January 17, 2021

God’s Majesty on Display in Barcelona


Crossing and Dome of the Sagrada Família Basilica

Since watching 60 Minutes Sunday night, I have not been able to stop thinking about the majestic vision portrayed in the show’s piece about one of the most remarkable buildings ever built by human hands: The Basílica i Temple Expiatori de la Sagrada Família in Barcelona, Spain.

The church was begun on March 19, 1882 by architect Francisco de Paula del Villar. At the end of 1883 Antoni Gaudí was commissioned to take up the work, which he continued until his death in 1926. Since then different architects have carried on his vision for this grand church in a project that has now proceeded for 140 years.

The building is in the center of Barcelona, and over the years it has become an icon of the city and its country.

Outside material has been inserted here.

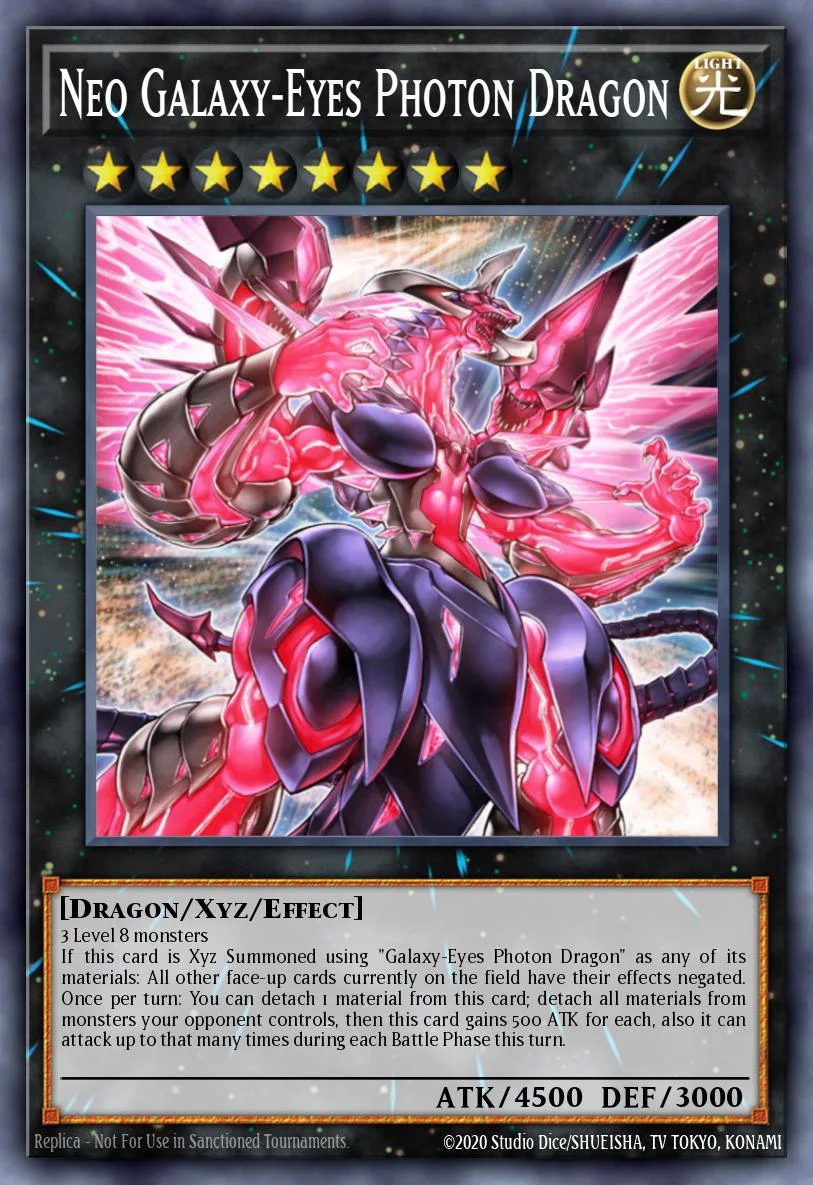 Neo Galaxy-Eyes Photon Dragon 「EN」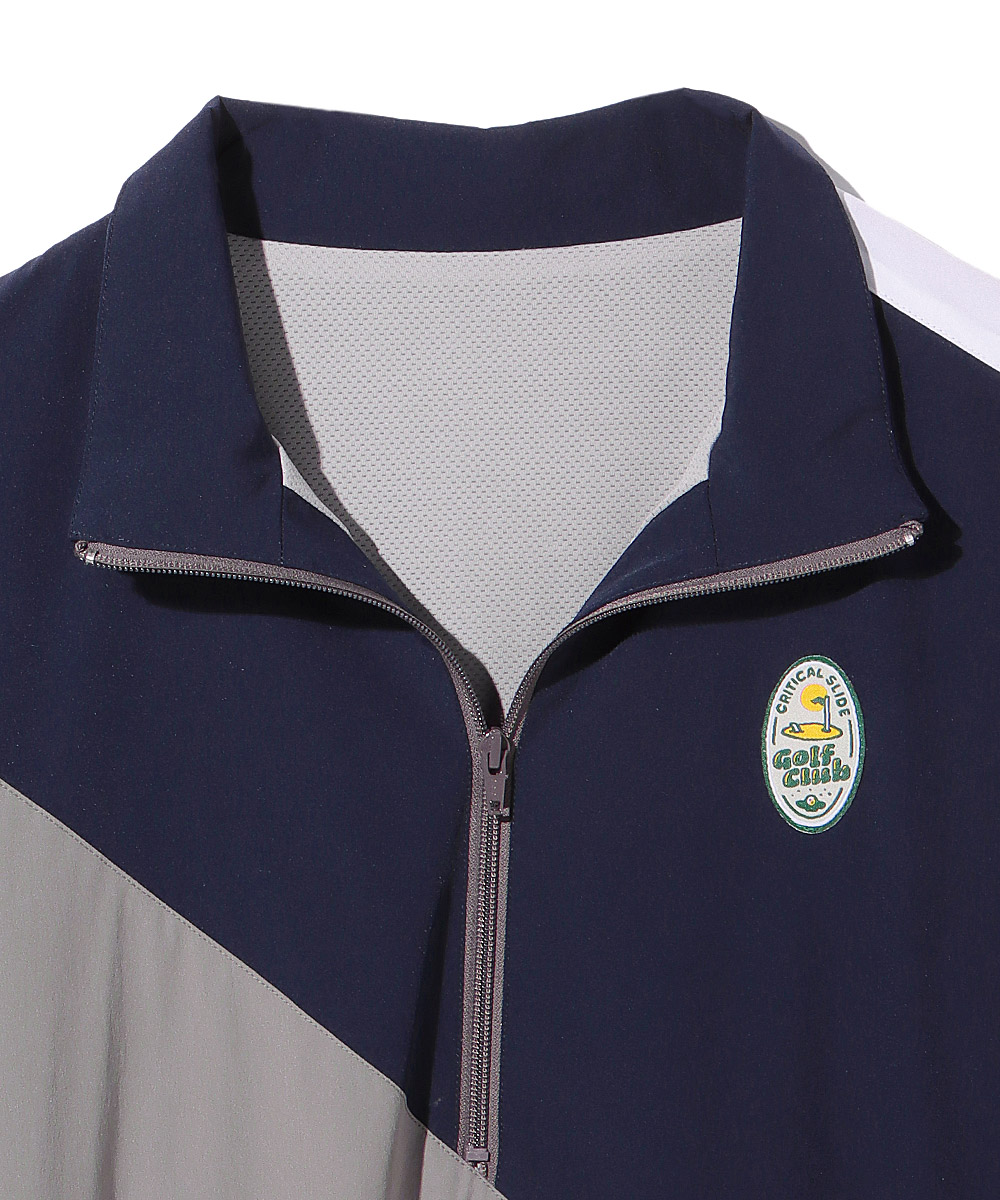 【別注・限定商品】ハーフジップ2WAYブルゾン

Millions of people visit every year and many more study its architectural and religious content.

It has always been an expiatory church, which means that since the outset it has been built from donations. Gaudí himself said: “The expiatory church of La Sagrada Família is made by the people and is mirrored in them. It is a work that is in the hands of God and the will of the people.”

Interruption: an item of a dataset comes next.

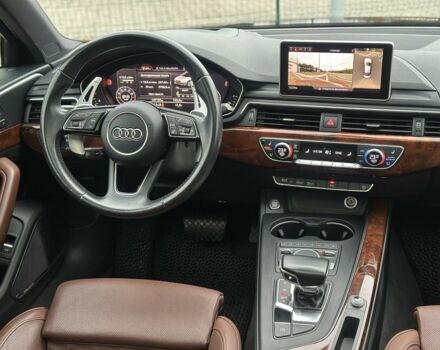 Синий Ауди А4, объемом двигателя 2 л и пробегом 147 тыс. км за 21500 $, фото 11 на Automoto.ua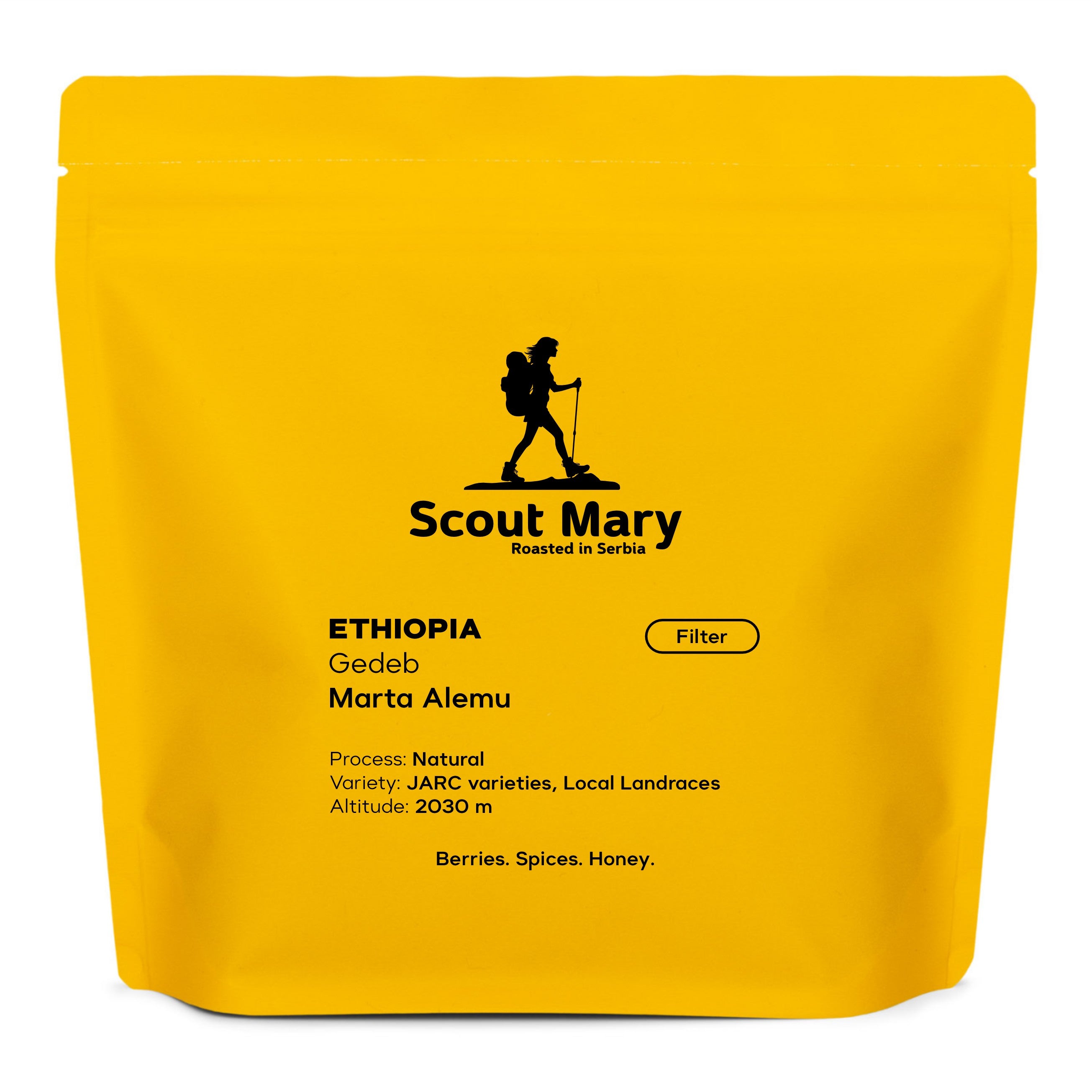 Ethiopia Gedeb Marta Alemu — Ethiopia by Scout Mary Roasters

in November 2010, La Sagrada Familia was consecrated as a minor basilica by Pope Benedict XVI. Though incomplete, it has been declared a UNESCO World Heritage site. The project is scheduled to be completed some time between 2020-2030, some 100 years after the death of its visionary, who has been called, “God’s Architect.”

I could go on talking about Gaudi’s amazing tribute to God’s majesty, but this marvel begs to be seen. I have included two videos below. The first is a shorter, contemplative portrait of the basilica. The second is a longer look at its history, and includes a fascinating look at the church’s facades and some of the symbolism portrayed on them.

If you want more, click the “60 Minutes” link above and you can watch their segment. And the website devoted to La Sagrada Familia (also linked above) is a treasure trove of information, pictures, etc.

Of this great building, one art critic said, “It is probably impossible to find a church building anything like it in the entire history of art.” One may have to go back to the Middle Ages to find such a building project for the glory of God. When asked about the time it would take to build such a structure, Gaudi is reported to have said, “My Client is not in a hurry.”

If any of our readers has visited La Sagrada Familia, I would especially love to hear from you today.


  1. Mike,

    I visited Sagrada Familia in 2006. Speaking as a low church evangelical more used to ’empty’ worship spaces, I found it to be a marvel.

    A couple of things struck me as a I walked round it. First, it is truly a building of the masses, being funded from donations (of course I put some money in a donation box – who wouldn’t want to see the completion of this amazing building?). The second thing was the timescale of the construction: where else in the world, in this age, would you see a building project measured in centuries? The only human project I could imagine that would be anything like this is some kind of future manned interstellar journey. Who else thinks in centuries anymore?

  2. I was there in 1986, when it was much more like a construction site than a building, and it definitely evoked deep feelings. Of course, they were more than a little bit tinged with melancholy — the reach-exceeding-grasp vibe was strong. Now that the end is in sight and the church is in use, I imagine it would be a different experience.

  3. I visited Sagrada July 2012. While I know some of the locals object to the strong difference in style between the Nativity facade (Gaudi ‘original’) and the Passion facade (heavily influenced by Subirachs), I found the hard lines of the latter added to the story. It doesn’t ‘strike fear’, but it certainly does provide a very strong contrast to the Nativity.

    The interior was magnificent, and the it was amazing how things worked together, with colours of windows adding to the effect of the different colours of the columns. If there was one ‘oddity’ that struck me in terms of a worship area, it would be that my eyes were constantly drawn up, and not to the front to the sanctuary. Perhaps a bit of Gaudi theology in that?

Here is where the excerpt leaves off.